それにも関わらずちらつき始めた雪に悪態がこぼれる。
意味ないってわかってるけど、明日の通学がめんどくさくなる。ダルい。さっさと風呂入って寝よう。そう思ってようやく慣れてきた家へ帰ると、玄関になにかある。
このご時世、何があるかわかったものじゃないから警戒して近付いたんだけど、それは危険物でもなんでもなかった。というか、物ですらなかった。
「ねぇ、なにしてるの?」
「ぉお帰り蛍くん」
そこにいたのは鳴子だった。マフラーから覗く鼻やしきりに擦られる指先は真っ赤で、いつからここにいたのか考えるのも嫌になる。
僕、今日も練習あるって言ったよね?
「ただいま。なにしてるの?」
「えっと、サプライズしようと思って」
そういうことじゃなくてさ、こんな時間にこの気温でなに考えてるのってことを聞きたいんだけど。頭いいくせになんでこんな簡単なことがわかんないの?
「とりあえず立って」
「あ、待って」
「なに?」
「ちょっと膝固まっちゃって」
なにそれ。本当にどれだけここにいたの?
「あ、や、待って。いっ…」
握った手は完全に冷えきってる。無理矢理立ち上がらせたからか痛がってるけど、これだけ指先が冷えきってれば体も冷えてて当たり前だろう。
「せめて連絡して」
「すみません」
暖めないと冗談抜きで風邪引く。
鍵を開けて鳴子を部屋に押し込むと、悴んで靴を脱ぐことすらも苦戦してる。その間にケトルでお湯を沸かして、ついでにこたつもつけた。
「あの、ごめんなさい、いきなり訪ねてしまって」
「温かいものなんて紅茶しか出せないんだけどいいよね」
「あ、いえ。お構い無く」
「いいからこたつ入ってて」
「はい」
たいして広くもないワンルーム。こたつにはいってソワソワしてる鳴子にカップを2つ持っていくと、また謝ってくるんだから呆れる。
「謝るくらいなら連絡して」
「はい」
カップをそっと包み込むように包むだけで、なかなか口をつけようとしない。
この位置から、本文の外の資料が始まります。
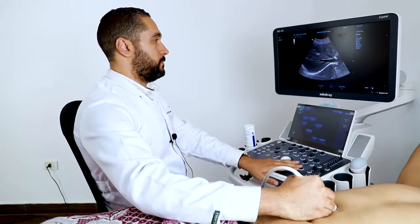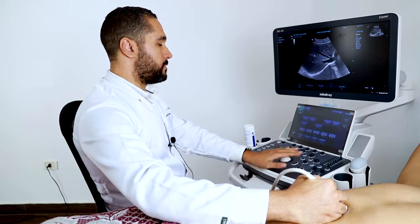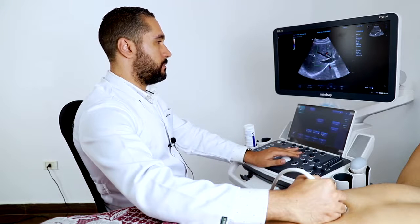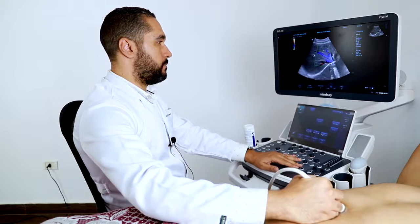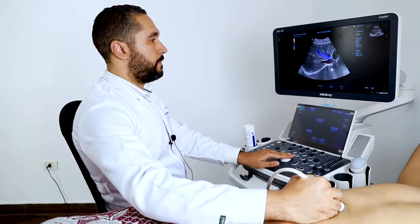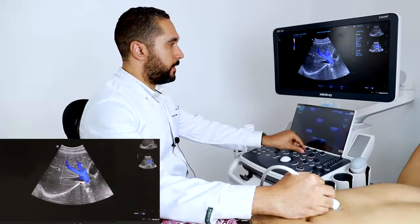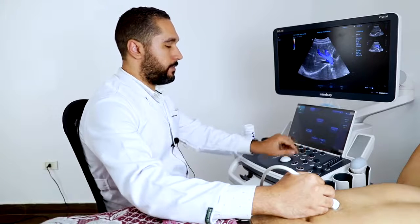I'm going to show you the color Doppler of the hepatic veins. We have a great filling of the color Doppler in the hepatic veins.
たぶん、カップが熱いからなかなか口をつけられないんだろう。
猫舌なんてホント大変だよね。なんて思いながら、鳴子に渡したものよりもぬるいカップに口をつけた。
「なにしにきたの?」
「あ、そうだった」
傍らにおいたトートバッグから出てきたのはケーキの箱。前に2人でおいしいって言ってた店だ。
「クリスマスだから、一緒に食べれるかなぁと思って」
「ごめん」
「え、いいよ!私が勝手にしたことだし」
そうだった。練習だからと言って、鳴子がおとなしくしてるわけがなかった。こんなことになるなら、いつもより遅くなるって連絡すればよかった。
「指まだ赤いよ」
カップを包み込む手を握ると、表面だけが暖かくなってまだ内側が冷えてるような感じがする。
「え、あ、これはカップがあったかくて温まってきたからだよ」
なんとなくだけど、指先もいつもよりかさついてる感じもする。
「あのね、プレゼントもあるんだよ」
「は?」
「あんまり使わないかもしれないけど、この間そのまま置いてるの見たから」
握り込んでいた手をほどかれて持ってきたのはラッピングされた袋。開けてと言われるままに開けると、中からは眼鏡ケースが出てきた。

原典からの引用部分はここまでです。